### TASK DETAILS
The material below is to be copied exactly from the line with "Enhance Your Stairwell" up to and including the line with "und einem Müllbeutelspender", with nothing else kept and no pictures.

### PROVIDED MATERIAL
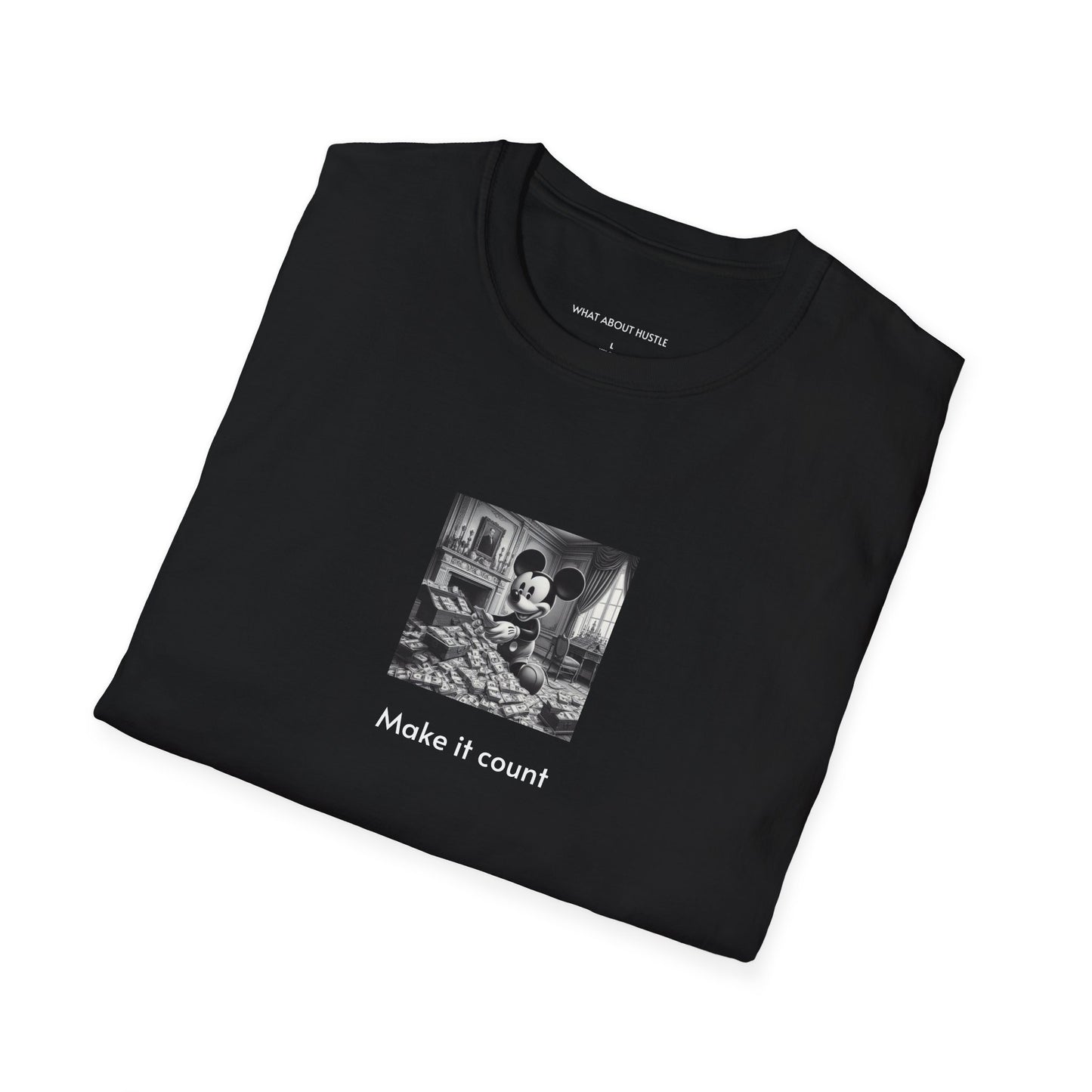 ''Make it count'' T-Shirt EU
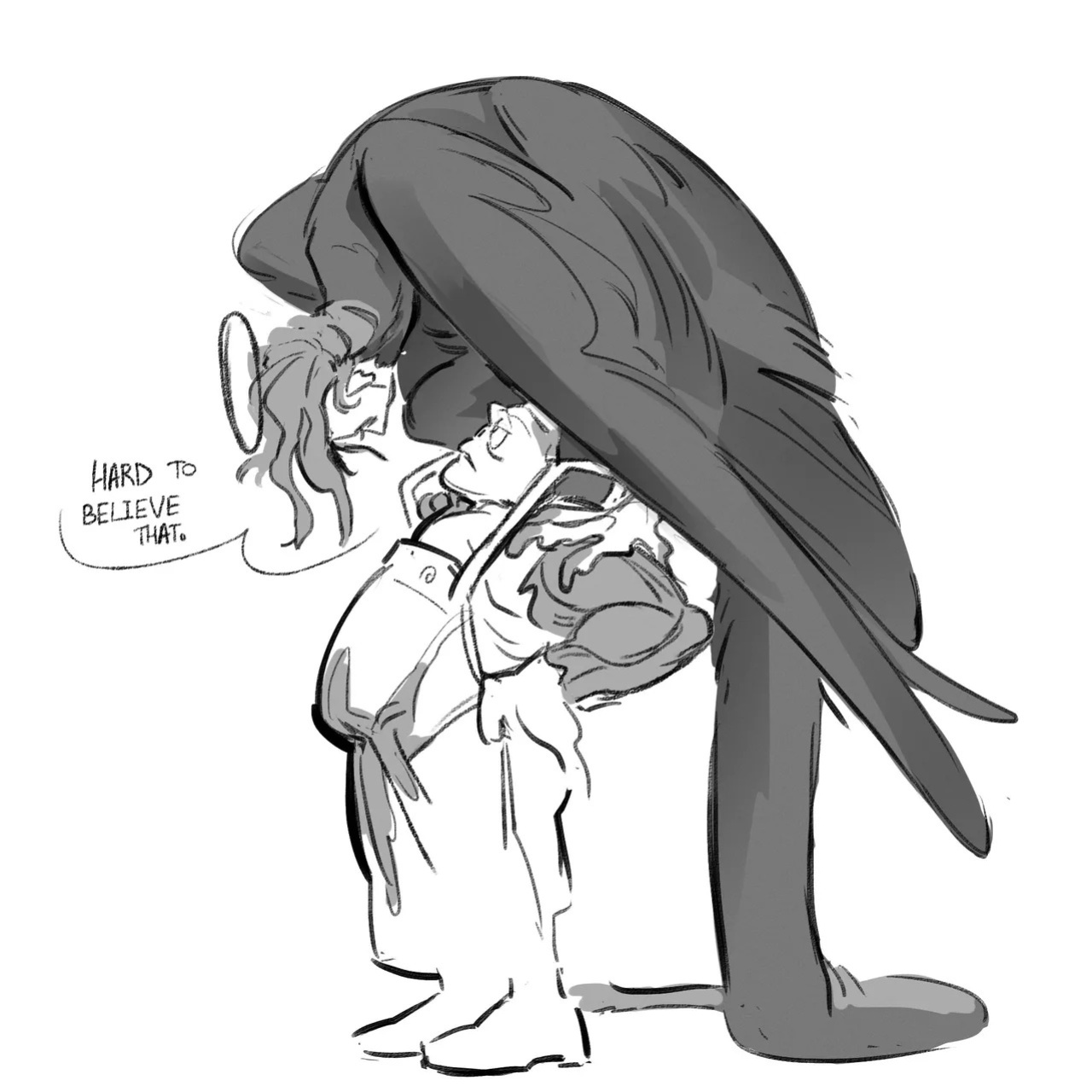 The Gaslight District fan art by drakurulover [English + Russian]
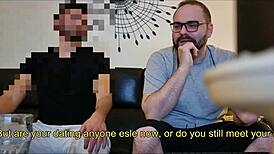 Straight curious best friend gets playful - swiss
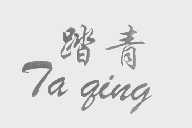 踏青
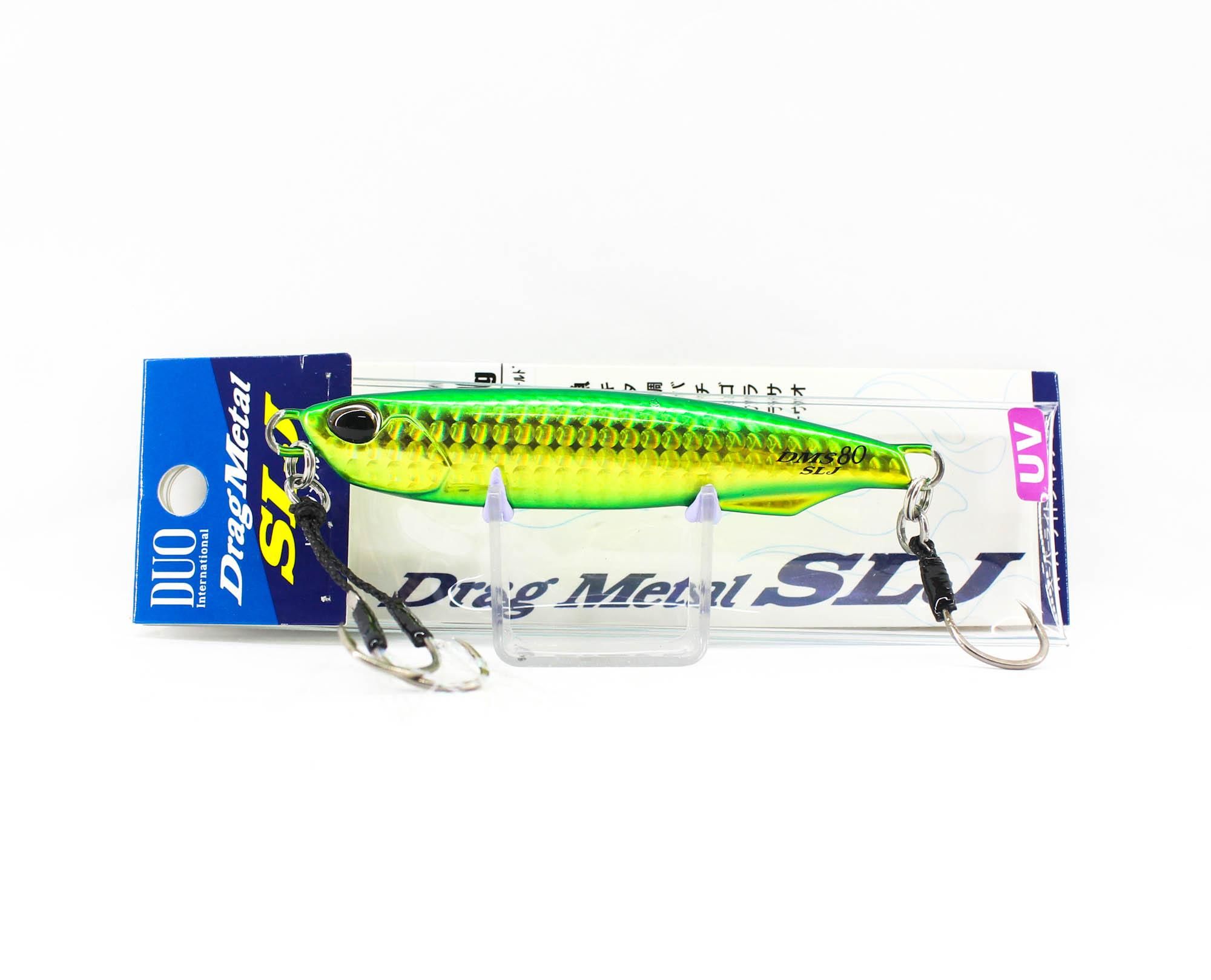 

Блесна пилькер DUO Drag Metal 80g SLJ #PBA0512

==

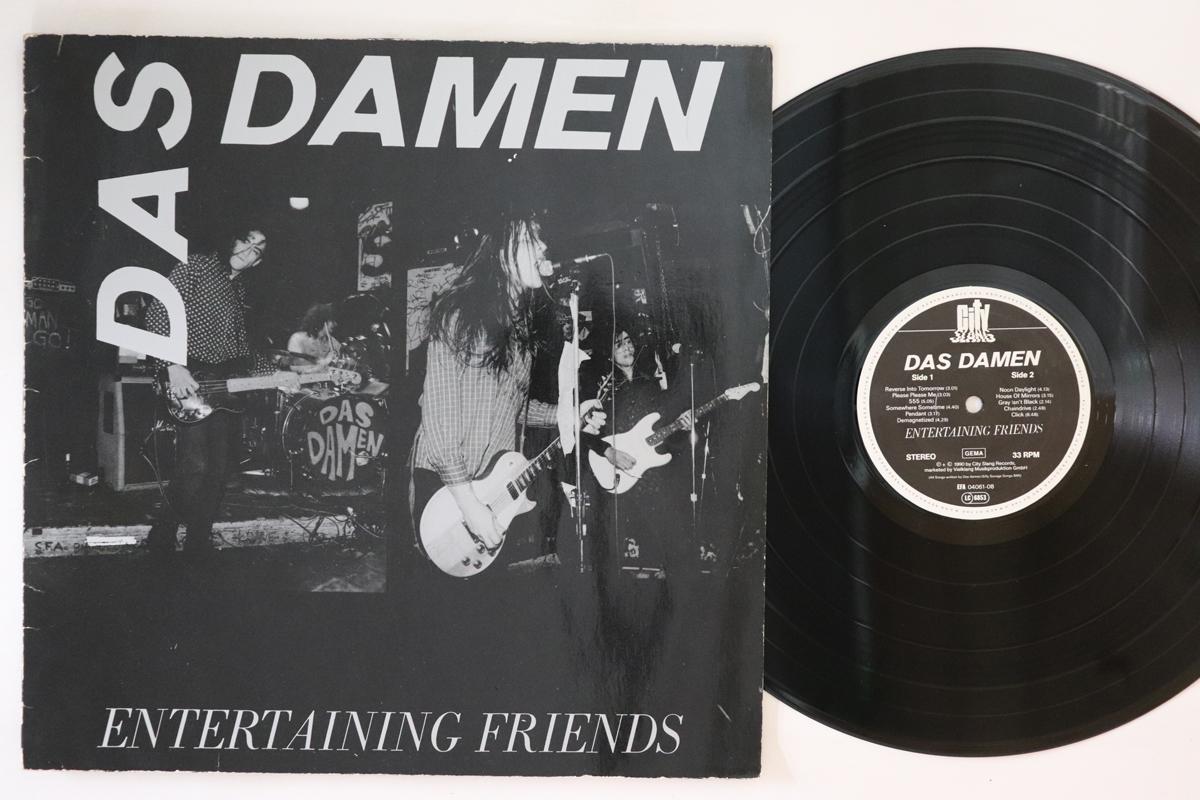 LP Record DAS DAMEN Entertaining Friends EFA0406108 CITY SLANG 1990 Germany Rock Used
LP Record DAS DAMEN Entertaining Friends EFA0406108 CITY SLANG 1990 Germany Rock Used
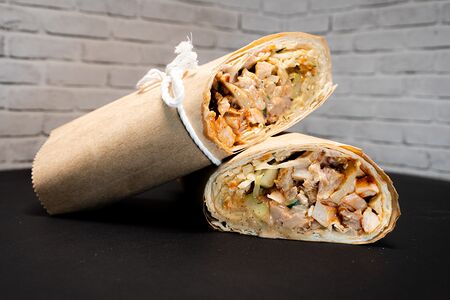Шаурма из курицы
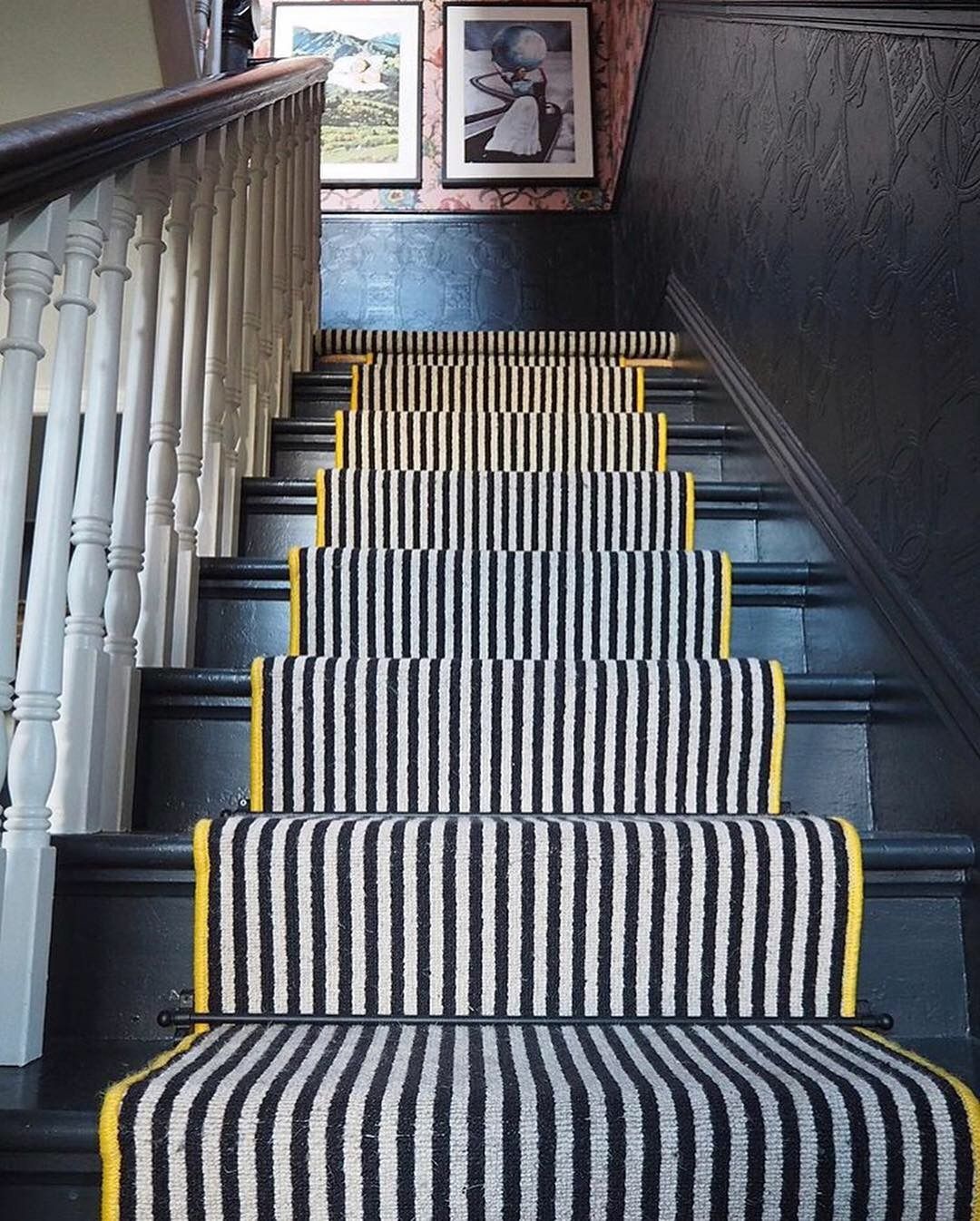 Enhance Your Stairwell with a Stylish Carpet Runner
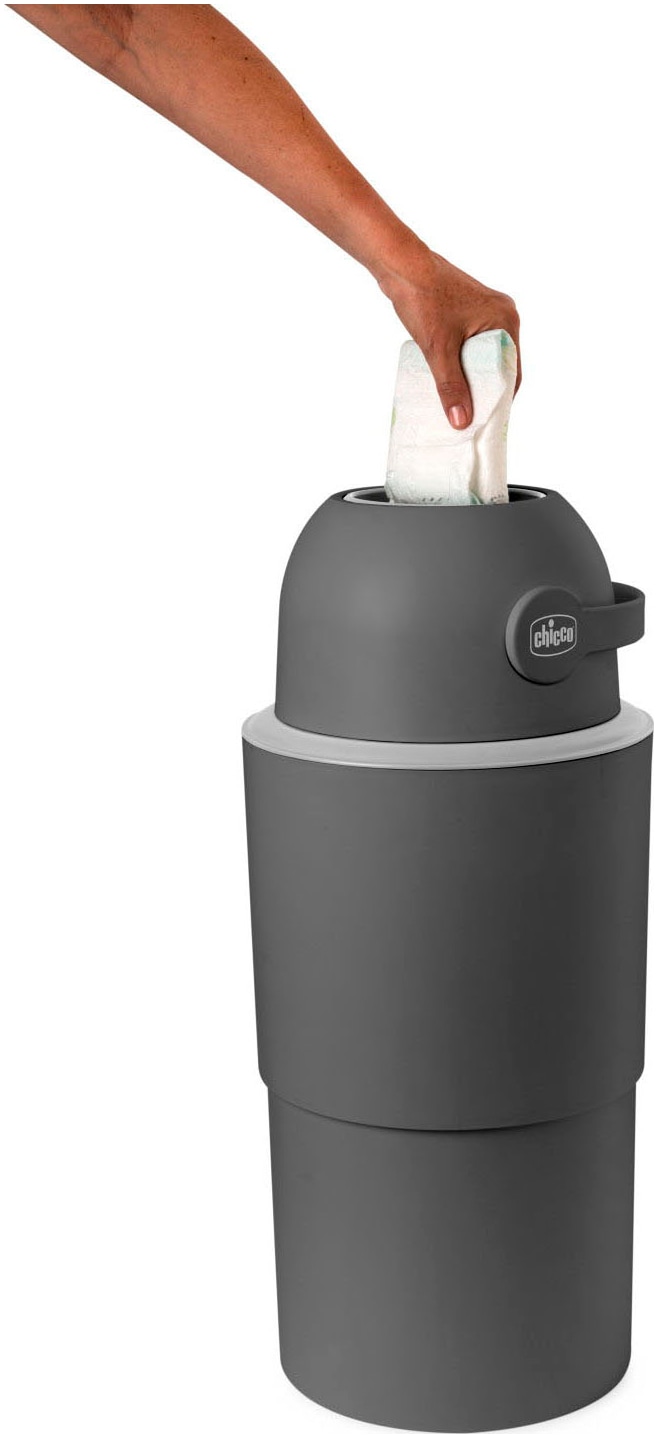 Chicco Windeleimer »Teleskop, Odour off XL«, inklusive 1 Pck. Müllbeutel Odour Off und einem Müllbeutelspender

### SOLVED EXERCISE
 Enhance Your Stairwell with a Stylish Carpet Runner
 Chicco Windeleimer »Teleskop, Odour off XL«, inklusive 1 Pck. Müllbeutel Odour Off und einem Müllbeutelspender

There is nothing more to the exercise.